There is lots of data in this report.
If you need more, please specify.
lunomad (damon-metapaso) wrote : | #21 |
I too have the same system and same bug as the original post: Dell Latitude X1 notebook.
This problem began for me when I upgraded from Feisty to Gutsy.
My kernel is: 2.6.22-14-generic
I scanned through Related Bugs:
Bug #93404
Bug #67341
Bug #132271
all have similar problems, but can't find exactly my situation as for me the problem is much more sporadic. Sometimes I relaunch powernowd and the scaling works for awhile up to the system max of 1100MHz, then after awhile I only have 600MHz and 800MHz, then it just locks onto 600MHz. As far as I can tell, without reboot or restart of powernowd, the issue does not self-resolve. Although, as I type this, I see the CPUfreq applet suddenly display 800MHz. I still cannot get to 100%.

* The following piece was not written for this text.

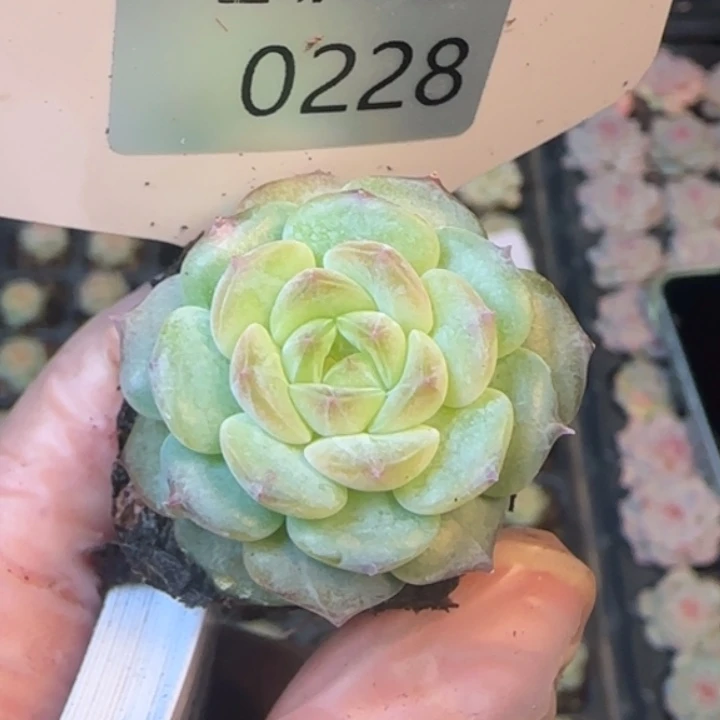 228号珍妮糖心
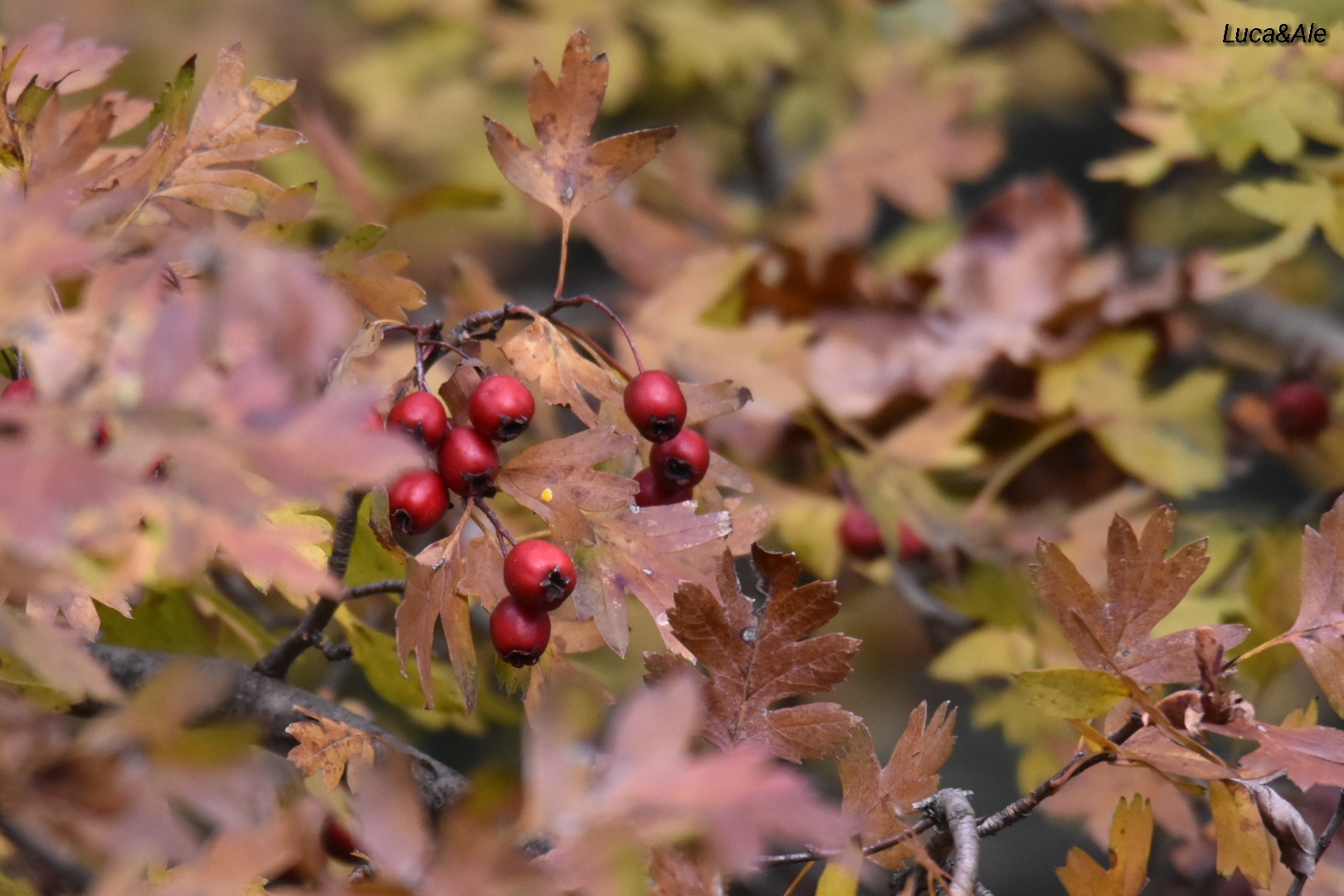 Berries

Please note that the X1 has no fan and CPU temperatures run high. Idle in a cold room is 52C, 1100MHz in this same room can get as high as 70C.
lunomad (damon-metapaso) wrote : | #22 |
(Follow-up from previous comment)
I've done a closer study of my Dell X1 and as far as the Dell X1 is concerned (and may be true for others as well), this issue is definitely related to cpu heat. The X1 is an underpowered (1100MHz) Pentium M with purely passive cooling (no fan), so heat is a critical element.
Something in Linux is setting my heat ceiling at 65C. When the computer has a lot of work to do, powernowd sets the clock to full speed (1.1GHz) and the temperature slowly creeps up to 65C. When it reaches 65, the computer throttles down to 800MHz. This speed value is written into /sys/devices/
Even so, at 800MHz the computer will still creep up to 65C, and so when it reaches this temp, it will throttle down to 600MHz only.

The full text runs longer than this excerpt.